Your answer must be the exact lines from the one with "Auction sale of" to the end of the data, both included, with no pictures.

--- Stored data Enclosed Below ---

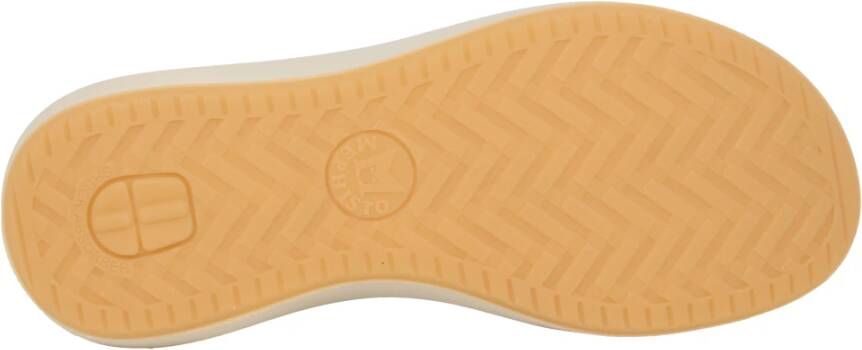 Mephisto Comfortabele Tiara Sandaal Brons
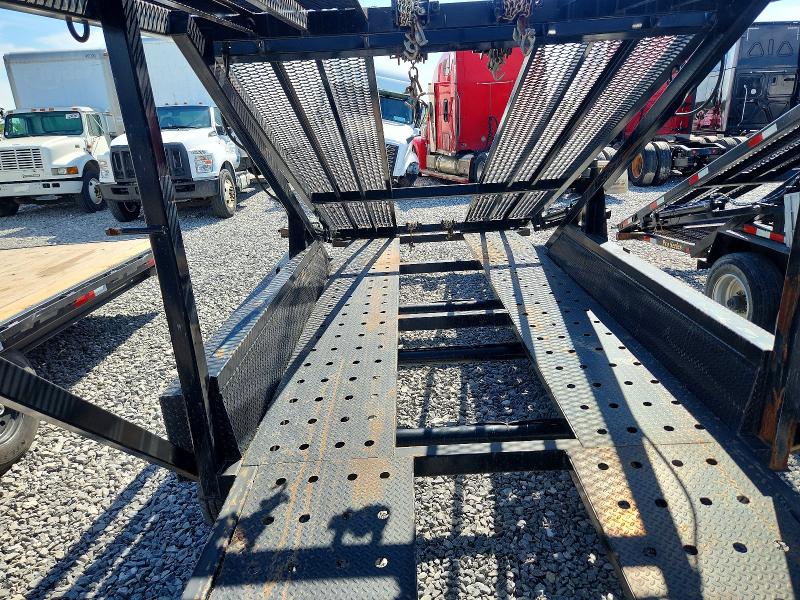 Auction sale of the 2022 Texas Pride Trailers, vin: 7HCGC453XNB032062, lot number: 52204386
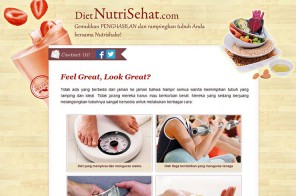 diet nutri sehat web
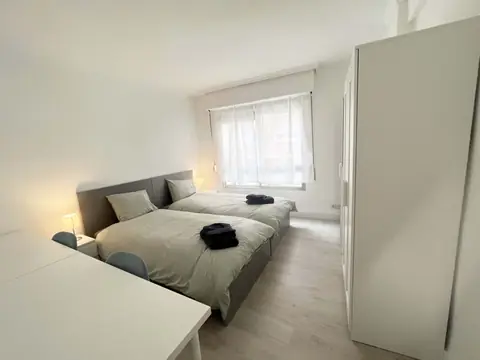學生宿舍 Mini Residence 房間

--- End of Enclosed Stored data ---

# Output of the task
 Auction sale of the 2022 Texas Pride Trailers, vin: 7HCGC453XNB032062, lot number: 52204386
 diet nutri sehat web
學生宿舍 Mini Residence 房間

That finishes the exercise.